You could mandate buildings get an energy efficiency assessment. But I imagine that will go the way of carbon credits contracts and such - mostly lies.
Apartments in the EU and UK are required to have EPC Energy Performance Certificate.
By January 2030, all residential buildings in the EU must meet at least an E energy efficiency rating, and by January 2033, this will rise to a D rating or better. By 2040, all buildings must achieve an A or B rating.
Energy efficiency happens when an apartment is built or remodeled. The right way to improve it is regulations mandating things like minimum insulation.
I wouldn't say that an energy efficiency assessment hurts, but it's also limited in what it can do to improve the situation. An apartment built with 0 insulation and natural gas heating just isn't going to be environmentally friendly without completely bulldozing the complex.
Transparency is good, but I think most renters really just won't care.
The provider (landlord) and payer (tenant) being two distinct entities is part of the problem, but the other part is that the landlord actively hides that sort of information. If you ask how much water costs, they'll likely not answer, might throw out some fuzzy idea of it being normal, perhaps give you the rate per gallon, and definitely not tell you about the actively leaking pipe whose costs the tenants have to share or about the outdated appliances using 3x too much water. You don't learn about that till you're trapped in a lease, and the amount they're scamming you isn't usually worth the activation energy of taking legal action or moving.
My washer/dryer had to be replaced, and I was able to convince my landlord to split the additional cost of a heat-pump dryer. (The QoL improvement is great since there's no vent in the unit, though it's unclear if my energy bills are actually lower).
But he's just a single-unit condo landlord, and I'm a pretty good tenant, so we have a good relationship. I can't imagine a multi-unit corporation doing this.
The tenant pays for the utilities.
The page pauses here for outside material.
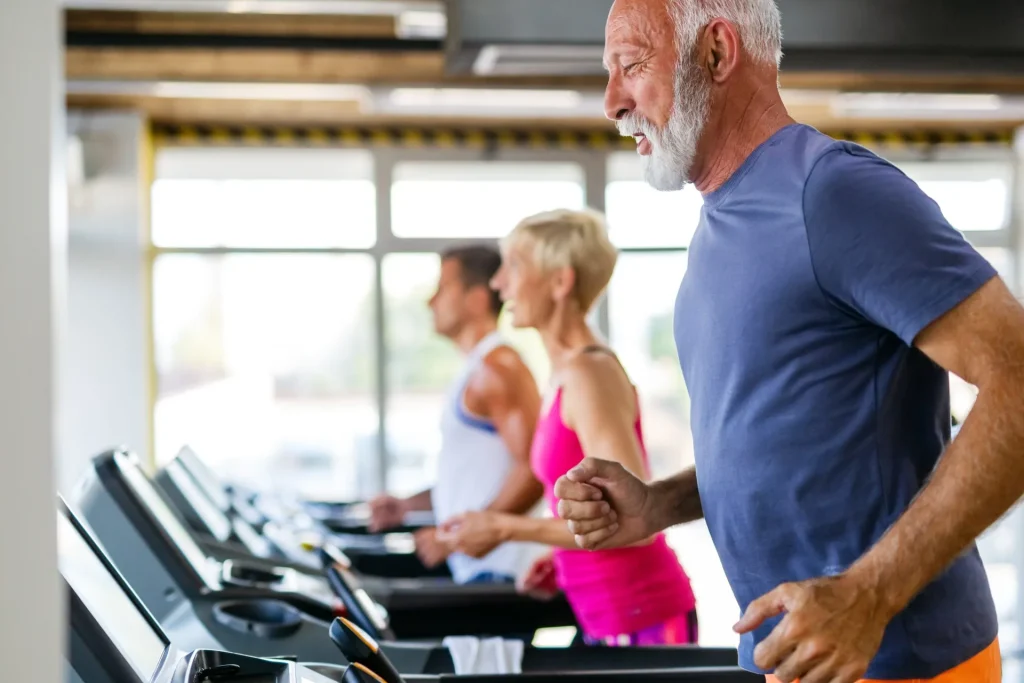 happy-senior-people-doing-exercises-gym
Because the apartment complex is not paying for they they have no incentive to install energy efficiency upgrades and will instead install only the cheapest hardware they can buy.
The reading comprehension in response to this comment is atrocious. It's apartment complex /owners/ who aren't paying energy bills because their tenants are.
In American English "apartment" almost always refers to a single residence in a large building. The large building is often called an "apartment building."
The phrase "the vast majority of apartments don't have to pay energy bills" sounds like a claim that each apartment (i.e. each tenant) doesn't have to pay their own energy bills, because it would be very odd to refer to an entire apartment building (or the building owner/manager) as as "apartment."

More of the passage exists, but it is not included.